K-nearest neighbor (KNN)
K-nearest neighbor (KNN) Theory:
K-Nearest Neighbor (KNN) is a simple and widely used machine learning algorithm for both classification and regression problems. It is based on the idea of finding the k-nearest neighbors of a given data point and making predictions based on their values.
For a classification problem, KNN assigns a new data point to the class that is most common among its k-nearest neighbors. For a regression problem, KNN predicts the value of a new data point based on the mean or median of the values of its k-nearest neighbors.
The algorithm works as follows:
-
Choose the number of nearest neighbors (k).
-
Calculate the distance between the new data point and all the training data points.
-
Find the k-nearest neighbors of the new data point based on the calculated distances.
-
For classification, assign the new data point to the class that is most common among its k-nearest neighbors.
-
For regression, predict the value of the new data point based on the mean or median of the values of its k-nearest neighbors.
KNN is considered a lazy learning algorithm because it does not make any assumptions about the underlying data distribution and does not build a model. Instead, it makes predictions based solely on the training data and the distances between the new data point and the training data points.
One of the advantages of KNN is its simplicity and ease of implementation. However, one of its disadvantages is that it can be computationally expensive and slow for large datasets, as the algorithm must calculate the distances between the new data point and all the training data points.
Here are some real-world examples of using K-Nearest Neighbor (KNN):
-
Recommendation systems: KNN can be used in recommendation systems to suggest items to users based on the items they have liked in the past. The algorithm works by finding the k-nearest neighbors of a user based on their past preferences and recommending items that are popular among those neighbors.
-
Image classification: KNN can be used in image classification to identify objects in an image based on their appearance and shape. The algorithm works by finding the k-nearest neighbors of an image patch in a training dataset of labeled images and assigning the label of the majority class among those neighbors to the image patch.
-
Handwriting recognition: KNN can be used in handwriting recognition to identify the digit written in an image of a handwritten digit. The algorithm works by finding the k-nearest neighbors of an image of a handwritten digit in a training dataset of labeled images of handwritten digits and assigning the label of the majority class among those neighbors to the image.
-
Credit scoring: KNN can be used in credit scoring to predict the creditworthiness of a borrower based on the credit history of similar borrowers. The algorithm works by finding the k-nearest neighbors of a borrower in a training dataset of labeled borrowers and assigning the label of the majority class among those neighbors to the borrower.
These are just a few examples of how K-Nearest Neighbor (KNN) can be applied in real-world problems. There are many other areas where KNN can be useful, including biology, geology, and engineering, among others.

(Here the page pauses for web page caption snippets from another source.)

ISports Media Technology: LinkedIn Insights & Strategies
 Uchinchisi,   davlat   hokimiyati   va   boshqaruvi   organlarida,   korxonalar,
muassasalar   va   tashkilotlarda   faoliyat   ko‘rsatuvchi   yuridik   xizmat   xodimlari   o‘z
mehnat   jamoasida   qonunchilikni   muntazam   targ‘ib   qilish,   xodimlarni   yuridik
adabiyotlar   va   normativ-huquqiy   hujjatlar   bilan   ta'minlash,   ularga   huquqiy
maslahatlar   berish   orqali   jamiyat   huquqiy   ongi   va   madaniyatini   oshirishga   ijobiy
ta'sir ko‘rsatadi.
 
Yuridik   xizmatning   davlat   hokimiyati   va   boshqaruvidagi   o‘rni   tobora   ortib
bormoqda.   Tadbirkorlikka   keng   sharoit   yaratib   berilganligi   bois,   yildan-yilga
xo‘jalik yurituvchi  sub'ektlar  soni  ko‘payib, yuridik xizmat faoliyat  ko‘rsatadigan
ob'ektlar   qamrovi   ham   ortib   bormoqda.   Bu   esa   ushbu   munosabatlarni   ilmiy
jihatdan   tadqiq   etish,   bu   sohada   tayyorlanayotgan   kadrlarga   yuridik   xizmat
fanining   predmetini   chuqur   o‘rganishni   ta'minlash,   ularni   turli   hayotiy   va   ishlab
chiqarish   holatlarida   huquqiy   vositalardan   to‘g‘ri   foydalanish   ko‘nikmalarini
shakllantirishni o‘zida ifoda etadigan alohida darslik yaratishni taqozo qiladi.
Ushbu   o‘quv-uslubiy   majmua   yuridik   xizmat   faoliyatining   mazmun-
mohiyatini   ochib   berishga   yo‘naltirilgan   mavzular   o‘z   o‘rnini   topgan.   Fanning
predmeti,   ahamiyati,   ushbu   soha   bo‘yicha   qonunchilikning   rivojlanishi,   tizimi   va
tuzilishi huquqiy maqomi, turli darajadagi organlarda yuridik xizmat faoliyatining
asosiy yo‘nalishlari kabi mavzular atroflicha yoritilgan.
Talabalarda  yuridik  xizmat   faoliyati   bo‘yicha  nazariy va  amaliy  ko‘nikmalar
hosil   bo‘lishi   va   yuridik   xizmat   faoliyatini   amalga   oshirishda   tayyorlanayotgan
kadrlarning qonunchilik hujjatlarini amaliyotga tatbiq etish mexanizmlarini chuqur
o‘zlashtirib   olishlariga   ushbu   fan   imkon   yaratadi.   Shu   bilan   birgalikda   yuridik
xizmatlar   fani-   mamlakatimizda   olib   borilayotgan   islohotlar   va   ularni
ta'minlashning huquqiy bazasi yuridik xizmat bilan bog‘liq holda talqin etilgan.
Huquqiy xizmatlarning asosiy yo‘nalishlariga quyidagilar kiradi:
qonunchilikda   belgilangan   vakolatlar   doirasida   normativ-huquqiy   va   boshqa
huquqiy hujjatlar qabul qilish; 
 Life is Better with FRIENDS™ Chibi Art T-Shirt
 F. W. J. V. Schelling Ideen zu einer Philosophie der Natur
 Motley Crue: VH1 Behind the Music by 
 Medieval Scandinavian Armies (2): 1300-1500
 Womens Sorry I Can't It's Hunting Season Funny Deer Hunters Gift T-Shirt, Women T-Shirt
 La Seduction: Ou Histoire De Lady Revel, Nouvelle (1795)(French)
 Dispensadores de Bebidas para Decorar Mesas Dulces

Here's an implementation of K-Nearest Neighbor (KNN) algorithm in Python:
import numpy as np
from math import sqrt
from collections import Counter
def euclidean_distance(point1, point2):
"""Calculate the Euclidean distance between two points"""
distance = 0
for i in range(len(point1)):
distance += (point1[i] - point2[i]) ** 2
return sqrt(distance)
def knn(X_train, y_train, test_point, k):
"""Implementation of K-Nearest Neighbor algorithm"""
distances = []
for index, point in enumerate(X_train):
distance = euclidean_distance(point, test_point)
distances.append((distance, index))
distances = sorted(distances, key=lambda x: x[0])
distances = distances[:k]
indices = [index for _, index in distances]
closest_neighbors = [y_train[index] for index in indices]
return Counter(closest_neighbors).most_common(1)[0][0]
# Example usage
X_train = np.array([[1, 2], [3, 4], [5, 6]])
y_train = np.array([1, 2, 3])
test_point = np.array([2, 3])
k = 2
prediction = knn(X_train, y_train, test_point, k)
print("Prediction:", prediction)
In this example, the knn function takes four parameters: X_train is the training data, y_train is the labels for the training data, test_point is the point for which we want to make a prediction, and k is the number of nearest neighbors to consider. The function returns the most common label among the k-nearest neighbors of the test point.
The euclidean_distance function calculates the Euclidean distance between two points. The knn function first calculates the distances between the test point and all the training data points, then finds the indices of the k-nearest neighbors and returns the most common label among those neighbors.